Dataset items
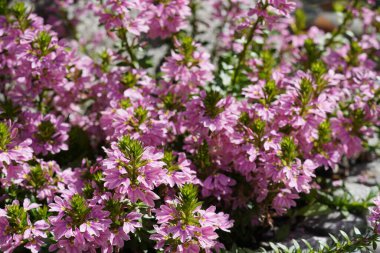 güzel pembe çiçekler arka plan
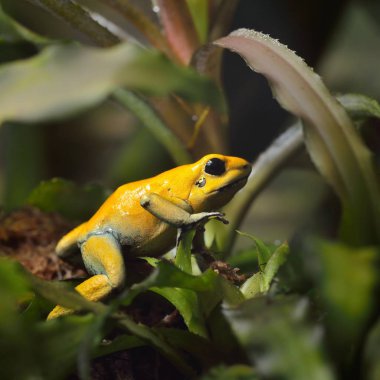 Altın zehir ok Kurbağa (Phyllobates terribilis) doğal yağmur ormanları ortamında. Renkli parlak sarı tropikal kurbağa.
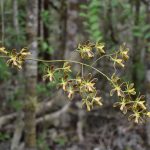 2-unknown-encyclia-3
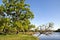 Beautiful oaks on the banks of the Neman River in the Lipichanskaya Pushcha Nature Reserve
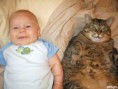 /album/%ce%b1%cf%83%cf%84%ce%b5%ce%af%ce%b1-%ce%bc%ce%b5-%ce%b6%cf%8e%ce%b1-/funny-cats-and-babies-toy-or-pet-4-jpg/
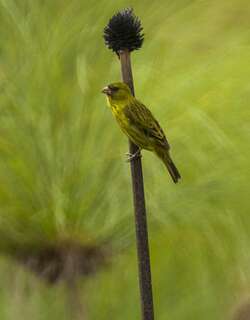 乌干达丝雀 / Papyrus Canary / Crithagra koliensis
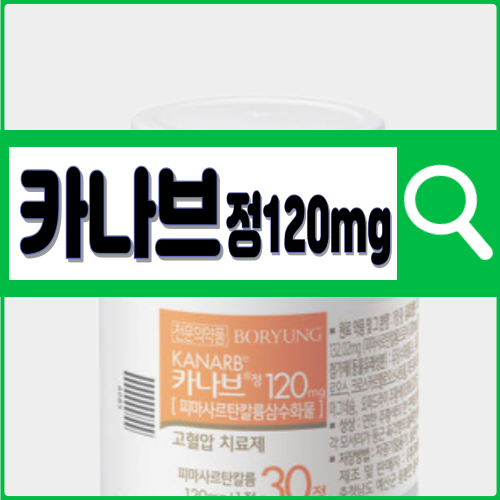카나브정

(Assigned task):
Return only the lines that start at the line containing "2-unknown-encyclia-3" and finish at the last line of the entries, exactly as written and without pictures.

(Written reply):
 2-unknown-encyclia-3
 Beautiful oaks on the banks of the Neman River in the Lipichanskaya Pushcha Nature Reserve
 /album/%ce%b1%cf%83%cf%84%ce%b5%ce%af%ce%b1-%ce%bc%ce%b5-%ce%b6%cf%8e%ce%b1-/funny-cats-and-babies-toy-or-pet-4-jpg/
 乌干达丝雀 / Papyrus Canary / Crithagra koliensis
카나브정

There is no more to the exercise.